*** Material for this exercise ***
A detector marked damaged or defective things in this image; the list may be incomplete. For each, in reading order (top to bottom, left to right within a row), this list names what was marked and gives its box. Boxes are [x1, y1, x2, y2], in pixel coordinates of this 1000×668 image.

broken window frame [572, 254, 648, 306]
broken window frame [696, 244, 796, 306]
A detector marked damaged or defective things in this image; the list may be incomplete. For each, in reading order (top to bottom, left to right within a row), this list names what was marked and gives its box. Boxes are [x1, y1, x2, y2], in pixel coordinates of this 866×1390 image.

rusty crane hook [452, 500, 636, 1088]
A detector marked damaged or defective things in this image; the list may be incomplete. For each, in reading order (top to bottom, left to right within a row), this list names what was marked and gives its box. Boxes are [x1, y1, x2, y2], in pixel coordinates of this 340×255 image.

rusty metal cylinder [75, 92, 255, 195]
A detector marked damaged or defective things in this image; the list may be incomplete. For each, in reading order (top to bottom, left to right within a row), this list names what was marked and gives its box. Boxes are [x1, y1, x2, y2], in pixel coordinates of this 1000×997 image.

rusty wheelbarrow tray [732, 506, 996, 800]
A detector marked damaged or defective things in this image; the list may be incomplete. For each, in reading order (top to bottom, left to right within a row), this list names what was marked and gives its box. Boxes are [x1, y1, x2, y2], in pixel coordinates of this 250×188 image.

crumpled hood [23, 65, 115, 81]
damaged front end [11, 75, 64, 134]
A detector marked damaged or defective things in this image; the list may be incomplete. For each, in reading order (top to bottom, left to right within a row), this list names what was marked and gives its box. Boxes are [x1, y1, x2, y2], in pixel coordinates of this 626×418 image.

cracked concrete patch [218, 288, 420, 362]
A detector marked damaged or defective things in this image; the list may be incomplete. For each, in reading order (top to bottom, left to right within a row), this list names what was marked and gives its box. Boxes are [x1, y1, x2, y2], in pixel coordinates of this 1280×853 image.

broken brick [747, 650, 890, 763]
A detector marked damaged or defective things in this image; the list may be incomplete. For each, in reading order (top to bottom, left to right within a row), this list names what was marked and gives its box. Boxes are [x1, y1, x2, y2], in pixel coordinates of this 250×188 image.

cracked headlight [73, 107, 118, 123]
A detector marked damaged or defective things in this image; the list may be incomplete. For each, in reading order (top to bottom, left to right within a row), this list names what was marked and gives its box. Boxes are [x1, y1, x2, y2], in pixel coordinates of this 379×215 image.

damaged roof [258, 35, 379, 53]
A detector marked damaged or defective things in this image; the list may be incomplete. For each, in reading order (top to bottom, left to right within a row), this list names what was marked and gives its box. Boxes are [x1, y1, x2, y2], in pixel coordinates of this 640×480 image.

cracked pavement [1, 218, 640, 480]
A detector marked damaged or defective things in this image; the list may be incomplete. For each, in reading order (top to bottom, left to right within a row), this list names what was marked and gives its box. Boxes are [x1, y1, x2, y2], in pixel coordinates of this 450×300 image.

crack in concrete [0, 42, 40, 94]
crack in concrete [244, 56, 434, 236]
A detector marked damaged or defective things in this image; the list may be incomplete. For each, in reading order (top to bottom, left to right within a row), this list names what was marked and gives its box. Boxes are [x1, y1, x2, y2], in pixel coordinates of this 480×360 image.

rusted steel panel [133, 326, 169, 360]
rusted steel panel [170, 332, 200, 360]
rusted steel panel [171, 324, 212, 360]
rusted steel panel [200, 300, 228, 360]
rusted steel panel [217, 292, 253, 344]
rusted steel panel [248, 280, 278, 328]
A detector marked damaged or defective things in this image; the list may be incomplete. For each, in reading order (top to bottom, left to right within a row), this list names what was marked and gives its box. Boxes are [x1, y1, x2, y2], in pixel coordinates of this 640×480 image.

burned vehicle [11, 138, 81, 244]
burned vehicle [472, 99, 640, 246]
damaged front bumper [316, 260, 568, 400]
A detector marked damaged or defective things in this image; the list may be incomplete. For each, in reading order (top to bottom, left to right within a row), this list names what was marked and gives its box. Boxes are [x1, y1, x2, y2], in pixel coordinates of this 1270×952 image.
*** End of Material for this exercise ***
* What is required
All the entries are to be reproduced verbatim.

* Answer section
A detector marked damaged or defective things in this image; the list may be incomplete. For each, in reading order (top to bottom, left to right within a row), this list names what was marked and gives its box. Boxes are [x1, y1, x2, y2], in pixel coordinates of this 1000×668 image.

broken window frame [572, 254, 648, 306]
broken window frame [696, 244, 796, 306]
A detector marked damaged or defective things in this image; the list may be incomplete. For each, in reading order (top to bottom, left to right within a row), this list names what was marked and gives its box. Boxes are [x1, y1, x2, y2], in pixel coordinates of this 866×1390 image.

rusty crane hook [452, 500, 636, 1088]
A detector marked damaged or defective things in this image; the list may be incomplete. For each, in reading order (top to bottom, left to right within a row), this list names what was marked and gives its box. Boxes are [x1, y1, x2, y2], in pixel coordinates of this 340×255 image.

rusty metal cylinder [75, 92, 255, 195]
A detector marked damaged or defective things in this image; the list may be incomplete. For each, in reading order (top to bottom, left to right within a row), this list names what was marked and gives its box. Boxes are [x1, y1, x2, y2], in pixel coordinates of this 1000×997 image.

rusty wheelbarrow tray [732, 506, 996, 800]
A detector marked damaged or defective things in this image; the list may be incomplete. For each, in reading order (top to bottom, left to right within a row), this list names what was marked and gives its box. Boxes are [x1, y1, x2, y2], in pixel coordinates of this 250×188 image.

crumpled hood [23, 65, 115, 81]
damaged front end [11, 75, 64, 134]
A detector marked damaged or defective things in this image; the list may be incomplete. For each, in reading order (top to bottom, left to right within a row), this list names what was marked and gives its box. Boxes are [x1, y1, x2, y2], in pixel coordinates of this 626×418 image.

cracked concrete patch [218, 288, 420, 362]
A detector marked damaged or defective things in this image; the list may be incomplete. For each, in reading order (top to bottom, left to right within a row), this list names what was marked and gives its box. Boxes are [x1, y1, x2, y2], in pixel coordinates of this 1280×853 image.

broken brick [747, 650, 890, 763]
A detector marked damaged or defective things in this image; the list may be incomplete. For each, in reading order (top to bottom, left to right within a row), this list names what was marked and gives its box. Boxes are [x1, y1, x2, y2], in pixel coordinates of this 250×188 image.

cracked headlight [73, 107, 118, 123]
A detector marked damaged or defective things in this image; the list may be incomplete. For each, in reading order (top to bottom, left to right within a row), this list names what was marked and gives its box. Boxes are [x1, y1, x2, y2], in pixel coordinates of this 379×215 image.

damaged roof [258, 35, 379, 53]
A detector marked damaged or defective things in this image; the list may be incomplete. For each, in reading order (top to bottom, left to right within a row), this list names what was marked and gives its box. Boxes are [x1, y1, x2, y2], in pixel coordinates of this 640×480 image.

cracked pavement [1, 218, 640, 480]
A detector marked damaged or defective things in this image; the list may be incomplete. For each, in reading order (top to bottom, left to right within a row), this list names what was marked and gives its box. Boxes are [x1, y1, x2, y2], in pixel coordinates of this 450×300 image.

crack in concrete [0, 42, 40, 94]
crack in concrete [244, 56, 434, 236]
A detector marked damaged or defective things in this image; the list may be incomplete. For each, in reading order (top to bottom, left to right within a row), this list names what was marked and gives its box. Boxes are [x1, y1, x2, y2], in pixel coordinates of this 480×360 image.

rusted steel panel [133, 326, 169, 360]
rusted steel panel [170, 332, 200, 360]
rusted steel panel [171, 324, 212, 360]
rusted steel panel [200, 300, 228, 360]
rusted steel panel [217, 292, 253, 344]
rusted steel panel [248, 280, 278, 328]
A detector marked damaged or defective things in this image; the list may be incomplete. For each, in reading order (top to bottom, left to right within a row), this list names what was marked and gives its box. Boxes are [x1, y1, x2, y2], in pixel coordinates of this 640×480 image.

burned vehicle [11, 138, 81, 244]
burned vehicle [472, 99, 640, 246]
damaged front bumper [316, 260, 568, 400]
A detector marked damaged or defective things in this image; the list may be incomplete. For each, in reading order (top to bottom, left to right within a row), this list names what was marked and gives its box. Boxes are [x1, y1, x2, y2], in pixel coordinates of this 1270×952 image.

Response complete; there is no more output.